Data provided:

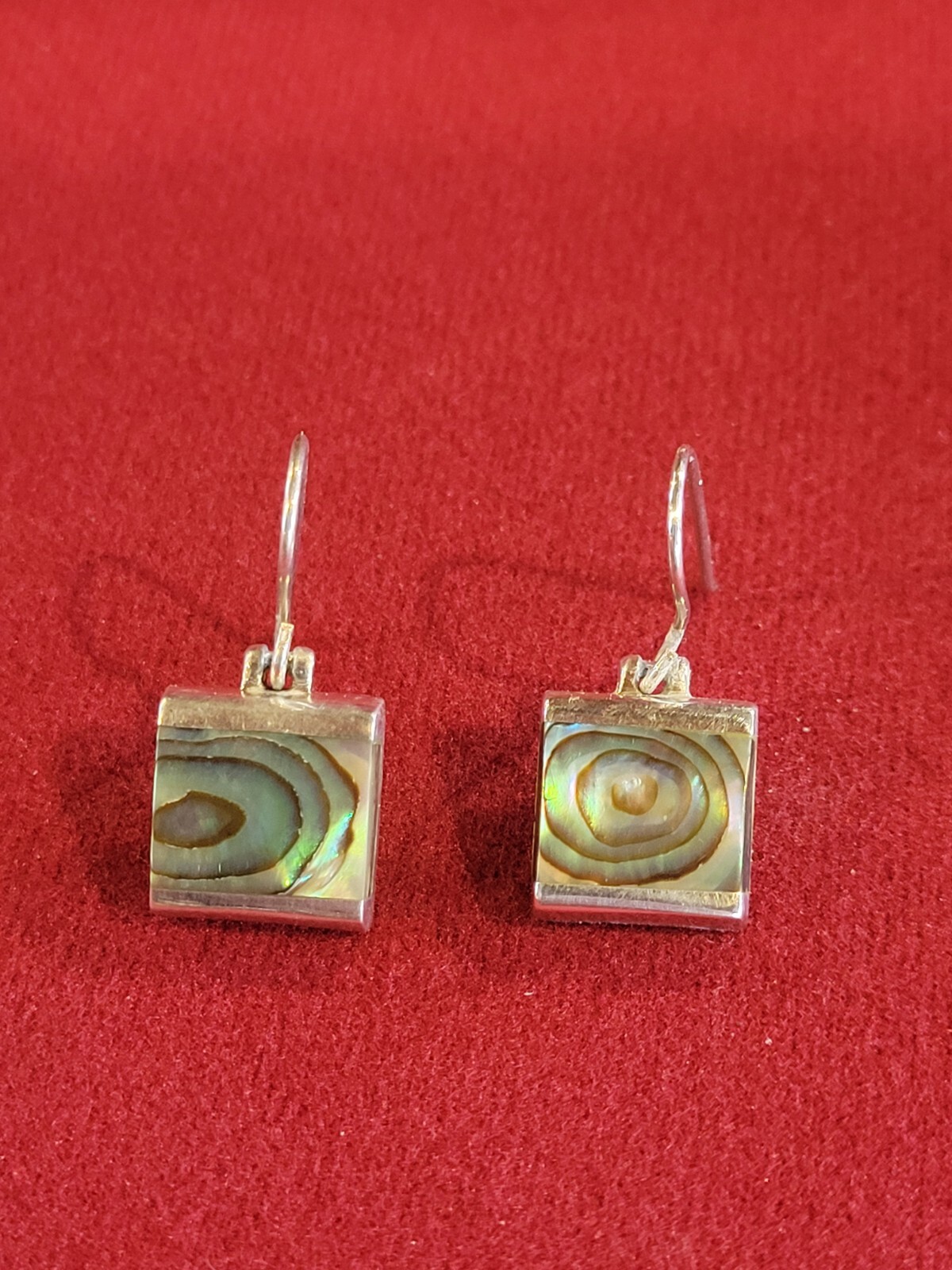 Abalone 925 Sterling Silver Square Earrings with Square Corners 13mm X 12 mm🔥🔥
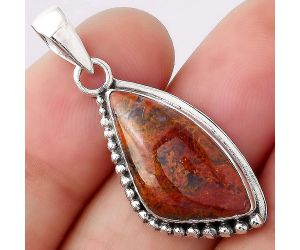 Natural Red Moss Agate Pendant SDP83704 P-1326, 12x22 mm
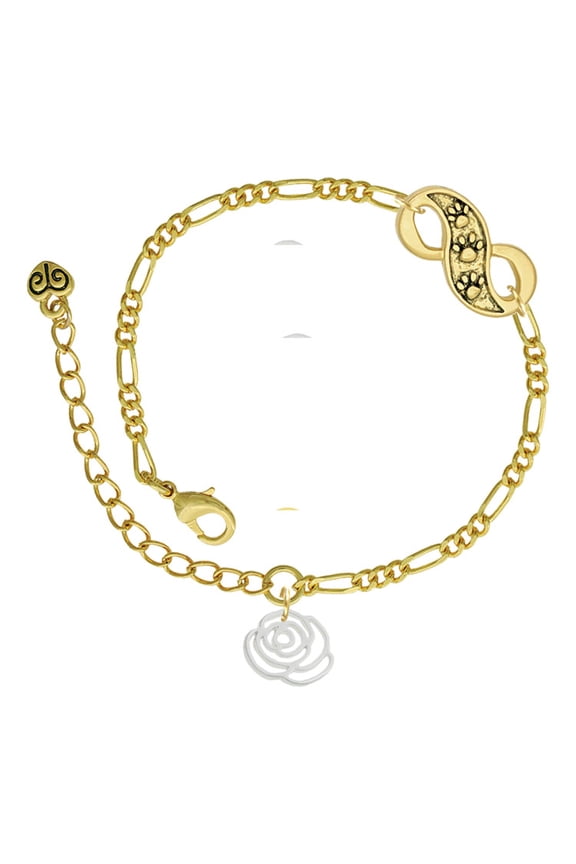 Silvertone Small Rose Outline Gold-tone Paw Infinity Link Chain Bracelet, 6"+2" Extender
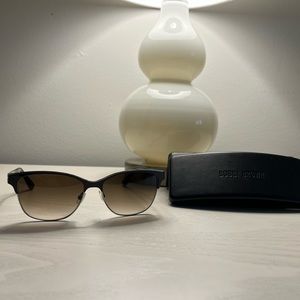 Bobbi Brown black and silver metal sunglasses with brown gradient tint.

What this task involves:
Write the listing out in full, exactly; no images.

Task response:
 Abalone 925 Sterling Silver Square Earrings with Square Corners 13mm X 12 mm🔥🔥
 Natural Red Moss Agate Pendant SDP83704 P-1326, 12x22 mm
 Silvertone Small Rose Outline Gold-tone Paw Infinity Link Chain Bracelet, 6"+2" Extender
 Bobbi Brown black and silver metal sunglasses with brown gradient tint.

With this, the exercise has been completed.